Your task :: From the records below, extract only the lines running from the line with "Sunday mass in" to the line with "Floral Pumpkin Baby", both lines included, reproducing them exactly.

Data extracts ::
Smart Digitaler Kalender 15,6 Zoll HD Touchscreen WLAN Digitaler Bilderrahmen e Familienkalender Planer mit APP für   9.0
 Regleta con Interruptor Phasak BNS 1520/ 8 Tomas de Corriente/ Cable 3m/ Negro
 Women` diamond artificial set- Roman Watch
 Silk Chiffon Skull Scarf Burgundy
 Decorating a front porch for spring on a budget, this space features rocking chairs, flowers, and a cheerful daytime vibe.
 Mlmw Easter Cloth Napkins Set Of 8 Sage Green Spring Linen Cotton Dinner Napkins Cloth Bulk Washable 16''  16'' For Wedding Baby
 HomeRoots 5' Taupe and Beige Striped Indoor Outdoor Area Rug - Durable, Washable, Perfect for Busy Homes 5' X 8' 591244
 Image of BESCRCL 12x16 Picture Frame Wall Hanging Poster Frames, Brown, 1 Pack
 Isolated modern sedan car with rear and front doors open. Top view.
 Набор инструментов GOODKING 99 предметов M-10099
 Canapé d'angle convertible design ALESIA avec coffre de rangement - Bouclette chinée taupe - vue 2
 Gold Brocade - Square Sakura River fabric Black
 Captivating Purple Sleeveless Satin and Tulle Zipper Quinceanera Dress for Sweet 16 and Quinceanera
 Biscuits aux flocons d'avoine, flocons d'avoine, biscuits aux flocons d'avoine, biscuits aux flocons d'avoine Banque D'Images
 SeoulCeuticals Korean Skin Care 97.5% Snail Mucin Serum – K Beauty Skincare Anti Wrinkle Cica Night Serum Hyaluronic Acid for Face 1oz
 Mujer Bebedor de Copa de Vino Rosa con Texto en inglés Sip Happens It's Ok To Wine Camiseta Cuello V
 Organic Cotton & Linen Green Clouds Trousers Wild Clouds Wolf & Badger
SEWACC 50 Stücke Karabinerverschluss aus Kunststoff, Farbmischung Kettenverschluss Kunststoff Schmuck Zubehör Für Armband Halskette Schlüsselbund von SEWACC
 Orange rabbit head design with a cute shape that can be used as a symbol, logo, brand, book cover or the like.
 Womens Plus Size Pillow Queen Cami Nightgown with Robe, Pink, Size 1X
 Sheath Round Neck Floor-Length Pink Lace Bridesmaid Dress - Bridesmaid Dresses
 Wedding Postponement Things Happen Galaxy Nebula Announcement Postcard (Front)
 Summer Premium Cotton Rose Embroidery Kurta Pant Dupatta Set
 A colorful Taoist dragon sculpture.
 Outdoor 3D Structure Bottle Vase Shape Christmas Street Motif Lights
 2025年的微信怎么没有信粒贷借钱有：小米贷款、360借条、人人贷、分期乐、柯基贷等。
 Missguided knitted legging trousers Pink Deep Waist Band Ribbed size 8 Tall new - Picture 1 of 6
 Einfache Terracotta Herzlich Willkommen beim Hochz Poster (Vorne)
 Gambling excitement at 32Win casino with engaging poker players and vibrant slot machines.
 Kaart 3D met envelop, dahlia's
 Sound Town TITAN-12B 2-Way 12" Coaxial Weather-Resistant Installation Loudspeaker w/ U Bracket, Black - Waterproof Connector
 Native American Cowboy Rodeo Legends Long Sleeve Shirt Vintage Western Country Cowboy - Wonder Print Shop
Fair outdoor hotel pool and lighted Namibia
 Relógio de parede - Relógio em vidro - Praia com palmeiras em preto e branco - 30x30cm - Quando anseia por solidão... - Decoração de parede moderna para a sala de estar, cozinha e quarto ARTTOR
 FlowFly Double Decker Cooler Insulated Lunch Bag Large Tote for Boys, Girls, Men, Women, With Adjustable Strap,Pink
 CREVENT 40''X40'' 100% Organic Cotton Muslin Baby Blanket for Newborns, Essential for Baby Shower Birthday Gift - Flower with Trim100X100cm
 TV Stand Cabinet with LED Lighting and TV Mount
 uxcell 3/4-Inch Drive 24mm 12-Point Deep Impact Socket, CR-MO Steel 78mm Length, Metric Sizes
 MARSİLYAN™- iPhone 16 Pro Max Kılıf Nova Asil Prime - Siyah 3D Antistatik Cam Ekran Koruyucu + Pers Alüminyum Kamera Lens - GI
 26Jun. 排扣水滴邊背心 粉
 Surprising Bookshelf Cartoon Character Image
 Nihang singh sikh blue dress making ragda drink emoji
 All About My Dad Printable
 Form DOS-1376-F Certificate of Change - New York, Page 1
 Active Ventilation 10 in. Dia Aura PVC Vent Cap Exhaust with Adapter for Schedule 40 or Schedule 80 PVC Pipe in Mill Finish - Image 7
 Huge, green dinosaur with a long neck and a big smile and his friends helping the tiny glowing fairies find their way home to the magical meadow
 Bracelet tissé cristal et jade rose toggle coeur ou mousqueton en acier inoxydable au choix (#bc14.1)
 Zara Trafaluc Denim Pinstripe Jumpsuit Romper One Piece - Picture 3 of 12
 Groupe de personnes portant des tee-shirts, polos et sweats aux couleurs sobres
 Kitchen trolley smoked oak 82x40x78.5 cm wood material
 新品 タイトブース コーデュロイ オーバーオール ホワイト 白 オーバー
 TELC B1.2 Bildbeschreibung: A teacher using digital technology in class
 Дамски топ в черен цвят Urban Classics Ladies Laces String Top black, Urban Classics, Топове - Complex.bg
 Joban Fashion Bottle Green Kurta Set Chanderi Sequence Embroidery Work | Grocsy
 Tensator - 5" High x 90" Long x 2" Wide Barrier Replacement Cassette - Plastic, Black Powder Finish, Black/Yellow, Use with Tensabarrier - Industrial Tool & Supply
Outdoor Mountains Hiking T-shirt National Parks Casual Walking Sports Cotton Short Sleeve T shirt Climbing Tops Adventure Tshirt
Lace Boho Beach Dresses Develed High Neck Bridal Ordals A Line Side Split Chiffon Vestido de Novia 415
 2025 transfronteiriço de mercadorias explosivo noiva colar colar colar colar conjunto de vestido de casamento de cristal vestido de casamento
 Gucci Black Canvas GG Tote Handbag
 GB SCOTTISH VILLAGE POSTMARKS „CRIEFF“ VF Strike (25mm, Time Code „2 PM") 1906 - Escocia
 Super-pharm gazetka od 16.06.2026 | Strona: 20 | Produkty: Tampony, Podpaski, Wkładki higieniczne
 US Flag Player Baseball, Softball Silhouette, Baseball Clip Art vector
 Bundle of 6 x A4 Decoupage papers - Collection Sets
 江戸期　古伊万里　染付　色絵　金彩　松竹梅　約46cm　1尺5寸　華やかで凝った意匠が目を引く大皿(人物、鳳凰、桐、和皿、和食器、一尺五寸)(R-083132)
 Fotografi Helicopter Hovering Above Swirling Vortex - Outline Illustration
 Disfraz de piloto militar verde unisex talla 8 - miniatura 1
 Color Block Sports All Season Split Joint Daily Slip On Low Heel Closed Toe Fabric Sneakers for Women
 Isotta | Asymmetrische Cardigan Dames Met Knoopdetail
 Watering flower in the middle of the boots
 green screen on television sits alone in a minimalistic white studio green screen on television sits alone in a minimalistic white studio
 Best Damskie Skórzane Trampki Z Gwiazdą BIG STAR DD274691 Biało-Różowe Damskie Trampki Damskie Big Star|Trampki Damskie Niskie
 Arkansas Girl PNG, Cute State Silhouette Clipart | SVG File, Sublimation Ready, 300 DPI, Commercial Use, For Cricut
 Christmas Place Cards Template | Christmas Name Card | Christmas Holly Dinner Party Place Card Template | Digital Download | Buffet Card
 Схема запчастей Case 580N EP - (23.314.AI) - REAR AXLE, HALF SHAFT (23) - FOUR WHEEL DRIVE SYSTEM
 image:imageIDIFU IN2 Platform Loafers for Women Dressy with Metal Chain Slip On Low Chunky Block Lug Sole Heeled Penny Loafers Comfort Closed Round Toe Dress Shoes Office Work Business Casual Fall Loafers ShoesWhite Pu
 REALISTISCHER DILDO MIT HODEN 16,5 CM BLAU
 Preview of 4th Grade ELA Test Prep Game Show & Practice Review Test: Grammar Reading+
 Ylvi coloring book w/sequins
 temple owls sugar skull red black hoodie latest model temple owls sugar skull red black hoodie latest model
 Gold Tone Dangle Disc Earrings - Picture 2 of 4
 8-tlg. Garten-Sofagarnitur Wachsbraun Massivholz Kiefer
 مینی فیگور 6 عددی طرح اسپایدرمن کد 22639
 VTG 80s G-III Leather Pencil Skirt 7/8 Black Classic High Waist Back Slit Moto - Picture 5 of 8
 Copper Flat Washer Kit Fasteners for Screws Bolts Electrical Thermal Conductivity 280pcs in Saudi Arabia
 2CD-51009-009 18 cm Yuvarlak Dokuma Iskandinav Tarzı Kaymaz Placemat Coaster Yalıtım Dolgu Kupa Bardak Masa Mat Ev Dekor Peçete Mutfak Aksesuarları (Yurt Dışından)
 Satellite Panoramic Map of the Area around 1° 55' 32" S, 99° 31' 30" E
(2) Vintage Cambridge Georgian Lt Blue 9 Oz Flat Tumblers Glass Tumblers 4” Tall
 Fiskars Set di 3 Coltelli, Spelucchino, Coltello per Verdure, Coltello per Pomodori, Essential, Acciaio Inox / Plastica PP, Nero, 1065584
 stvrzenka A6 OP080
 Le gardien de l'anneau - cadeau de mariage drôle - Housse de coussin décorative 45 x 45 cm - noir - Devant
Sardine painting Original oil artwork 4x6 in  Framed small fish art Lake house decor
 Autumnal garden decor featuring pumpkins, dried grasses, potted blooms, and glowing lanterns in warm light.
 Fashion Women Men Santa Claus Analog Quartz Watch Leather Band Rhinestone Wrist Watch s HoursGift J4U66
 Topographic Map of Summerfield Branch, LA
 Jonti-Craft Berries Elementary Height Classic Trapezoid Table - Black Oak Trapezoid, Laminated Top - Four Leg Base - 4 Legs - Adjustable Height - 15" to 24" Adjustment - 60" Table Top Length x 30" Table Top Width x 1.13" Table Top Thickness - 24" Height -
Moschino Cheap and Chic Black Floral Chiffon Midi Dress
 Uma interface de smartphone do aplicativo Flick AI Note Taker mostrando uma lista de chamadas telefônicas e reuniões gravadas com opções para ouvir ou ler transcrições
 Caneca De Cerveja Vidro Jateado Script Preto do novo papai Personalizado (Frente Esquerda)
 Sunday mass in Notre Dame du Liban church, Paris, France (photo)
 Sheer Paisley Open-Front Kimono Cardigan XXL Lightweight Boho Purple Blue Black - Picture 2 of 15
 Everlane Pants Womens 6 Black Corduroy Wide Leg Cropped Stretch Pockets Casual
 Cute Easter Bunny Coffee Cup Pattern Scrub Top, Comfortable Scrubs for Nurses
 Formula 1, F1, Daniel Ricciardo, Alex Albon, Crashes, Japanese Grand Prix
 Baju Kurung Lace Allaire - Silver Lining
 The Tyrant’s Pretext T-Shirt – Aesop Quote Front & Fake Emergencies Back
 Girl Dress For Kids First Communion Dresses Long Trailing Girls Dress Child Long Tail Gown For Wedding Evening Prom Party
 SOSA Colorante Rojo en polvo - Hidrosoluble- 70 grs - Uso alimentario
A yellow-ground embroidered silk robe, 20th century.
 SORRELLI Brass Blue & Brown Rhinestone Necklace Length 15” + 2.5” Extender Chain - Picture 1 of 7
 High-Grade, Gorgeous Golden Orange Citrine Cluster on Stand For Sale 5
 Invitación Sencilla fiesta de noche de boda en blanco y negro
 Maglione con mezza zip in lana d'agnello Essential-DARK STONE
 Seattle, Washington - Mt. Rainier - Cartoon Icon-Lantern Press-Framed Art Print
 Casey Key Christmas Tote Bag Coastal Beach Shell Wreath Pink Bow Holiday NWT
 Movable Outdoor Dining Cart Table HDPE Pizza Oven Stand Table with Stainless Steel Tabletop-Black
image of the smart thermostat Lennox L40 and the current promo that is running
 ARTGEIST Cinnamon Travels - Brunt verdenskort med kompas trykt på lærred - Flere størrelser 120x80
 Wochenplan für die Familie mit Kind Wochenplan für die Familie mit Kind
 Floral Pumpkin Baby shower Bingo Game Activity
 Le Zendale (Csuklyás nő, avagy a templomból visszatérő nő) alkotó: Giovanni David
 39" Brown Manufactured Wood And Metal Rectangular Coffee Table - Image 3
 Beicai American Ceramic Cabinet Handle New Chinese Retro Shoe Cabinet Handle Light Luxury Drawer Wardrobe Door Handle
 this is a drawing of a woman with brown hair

Response area ::
 Sunday mass in Notre Dame du Liban church, Paris, France (photo)
 Sheer Paisley Open-Front Kimono Cardigan XXL Lightweight Boho Purple Blue Black - Picture 2 of 15
 Everlane Pants Womens 6 Black Corduroy Wide Leg Cropped Stretch Pockets Casual
 Cute Easter Bunny Coffee Cup Pattern Scrub Top, Comfortable Scrubs for Nurses
 Formula 1, F1, Daniel Ricciardo, Alex Albon, Crashes, Japanese Grand Prix
 Baju Kurung Lace Allaire - Silver Lining
 The Tyrant’s Pretext T-Shirt – Aesop Quote Front & Fake Emergencies Back
 Girl Dress For Kids First Communion Dresses Long Trailing Girls Dress Child Long Tail Gown For Wedding Evening Prom Party
 SOSA Colorante Rojo en polvo - Hidrosoluble- 70 grs - Uso alimentario
A yellow-ground embroidered silk robe, 20th century.
 SORRELLI Brass Blue & Brown Rhinestone Necklace Length 15” + 2.5” Extender Chain - Picture 1 of 7
 High-Grade, Gorgeous Golden Orange Citrine Cluster on Stand For Sale 5
 Invitación Sencilla fiesta de noche de boda en blanco y negro
 Maglione con mezza zip in lana d'agnello Essential-DARK STONE
 Seattle, Washington - Mt. Rainier - Cartoon Icon-Lantern Press-Framed Art Print
 Casey Key Christmas Tote Bag Coastal Beach Shell Wreath Pink Bow Holiday NWT
 Movable Outdoor Dining Cart Table HDPE Pizza Oven Stand Table with Stainless Steel Tabletop-Black
image of the smart thermostat Lennox L40 and the current promo that is running
 ARTGEIST Cinnamon Travels - Brunt verdenskort med kompas trykt på lærred - Flere størrelser 120x80
 Wochenplan für die Familie mit Kind Wochenplan für die Familie mit Kind
 Floral Pumpkin Baby shower Bingo Game Activity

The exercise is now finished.